### What needs to be done
What do the lines say, reproduced word for word, from the first of the entries below through the line bearing "209 N Oak St"?

[Dataset items]
□ □ □
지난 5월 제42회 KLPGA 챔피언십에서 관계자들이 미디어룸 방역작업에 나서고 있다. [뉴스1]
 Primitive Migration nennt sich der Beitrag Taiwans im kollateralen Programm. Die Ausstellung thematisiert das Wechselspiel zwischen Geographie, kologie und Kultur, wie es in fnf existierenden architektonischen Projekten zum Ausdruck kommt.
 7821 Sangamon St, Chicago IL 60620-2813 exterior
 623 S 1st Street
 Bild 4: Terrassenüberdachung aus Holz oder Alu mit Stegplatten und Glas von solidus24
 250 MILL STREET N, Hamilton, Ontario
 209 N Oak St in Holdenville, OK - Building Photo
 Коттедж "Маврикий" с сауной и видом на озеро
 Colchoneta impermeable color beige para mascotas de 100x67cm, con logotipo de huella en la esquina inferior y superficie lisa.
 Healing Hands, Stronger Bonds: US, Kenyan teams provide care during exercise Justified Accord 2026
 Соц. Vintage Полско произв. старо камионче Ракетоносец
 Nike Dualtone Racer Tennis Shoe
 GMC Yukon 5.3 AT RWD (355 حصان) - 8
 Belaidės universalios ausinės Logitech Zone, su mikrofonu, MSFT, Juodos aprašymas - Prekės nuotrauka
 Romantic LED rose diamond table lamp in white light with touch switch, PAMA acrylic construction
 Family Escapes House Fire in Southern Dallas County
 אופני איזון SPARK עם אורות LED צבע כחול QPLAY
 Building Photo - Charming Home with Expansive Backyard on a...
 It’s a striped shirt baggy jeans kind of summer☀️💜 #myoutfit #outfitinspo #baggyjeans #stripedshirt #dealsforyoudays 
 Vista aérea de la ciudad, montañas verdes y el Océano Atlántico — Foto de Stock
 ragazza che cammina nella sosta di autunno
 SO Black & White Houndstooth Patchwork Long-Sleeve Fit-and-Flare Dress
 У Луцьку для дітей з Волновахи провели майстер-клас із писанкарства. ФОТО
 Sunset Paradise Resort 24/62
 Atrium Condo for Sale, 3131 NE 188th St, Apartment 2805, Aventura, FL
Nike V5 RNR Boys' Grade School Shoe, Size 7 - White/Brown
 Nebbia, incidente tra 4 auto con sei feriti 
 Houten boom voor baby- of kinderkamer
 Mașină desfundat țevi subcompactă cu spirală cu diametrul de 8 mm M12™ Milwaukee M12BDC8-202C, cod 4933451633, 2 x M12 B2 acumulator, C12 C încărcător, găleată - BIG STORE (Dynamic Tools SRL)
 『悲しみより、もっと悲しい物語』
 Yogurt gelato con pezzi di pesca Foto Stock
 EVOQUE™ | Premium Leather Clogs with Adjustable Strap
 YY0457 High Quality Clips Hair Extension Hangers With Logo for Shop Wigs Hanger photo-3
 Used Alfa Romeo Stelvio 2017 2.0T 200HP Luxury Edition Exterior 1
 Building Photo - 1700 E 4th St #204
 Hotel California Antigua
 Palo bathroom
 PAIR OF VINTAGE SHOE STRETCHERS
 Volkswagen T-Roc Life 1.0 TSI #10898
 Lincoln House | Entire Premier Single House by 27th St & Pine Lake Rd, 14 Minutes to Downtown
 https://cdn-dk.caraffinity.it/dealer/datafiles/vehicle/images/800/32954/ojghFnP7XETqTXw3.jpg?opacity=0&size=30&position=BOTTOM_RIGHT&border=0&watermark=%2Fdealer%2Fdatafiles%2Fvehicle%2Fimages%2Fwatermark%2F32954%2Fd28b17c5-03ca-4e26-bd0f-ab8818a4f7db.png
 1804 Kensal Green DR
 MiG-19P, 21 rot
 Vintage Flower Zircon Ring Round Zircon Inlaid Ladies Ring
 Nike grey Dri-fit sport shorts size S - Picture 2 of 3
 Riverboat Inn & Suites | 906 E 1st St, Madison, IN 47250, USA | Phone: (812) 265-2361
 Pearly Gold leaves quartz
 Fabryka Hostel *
□ □ □
### Written reply
지난 5월 제42회 KLPGA 챔피언십에서 관계자들이 미디어룸 방역작업에 나서고 있다. [뉴스1]
 Primitive Migration nennt sich der Beitrag Taiwans im kollateralen Programm. Die Ausstellung thematisiert das Wechselspiel zwischen Geographie, kologie und Kultur, wie es in fnf existierenden architektonischen Projekten zum Ausdruck kommt.
 7821 Sangamon St, Chicago IL 60620-2813 exterior
 623 S 1st Street
 Bild 4: Terrassenüberdachung aus Holz oder Alu mit Stegplatten und Glas von solidus24
 250 MILL STREET N, Hamilton, Ontario
 209 N Oak St in Holdenville, OK - Building Photo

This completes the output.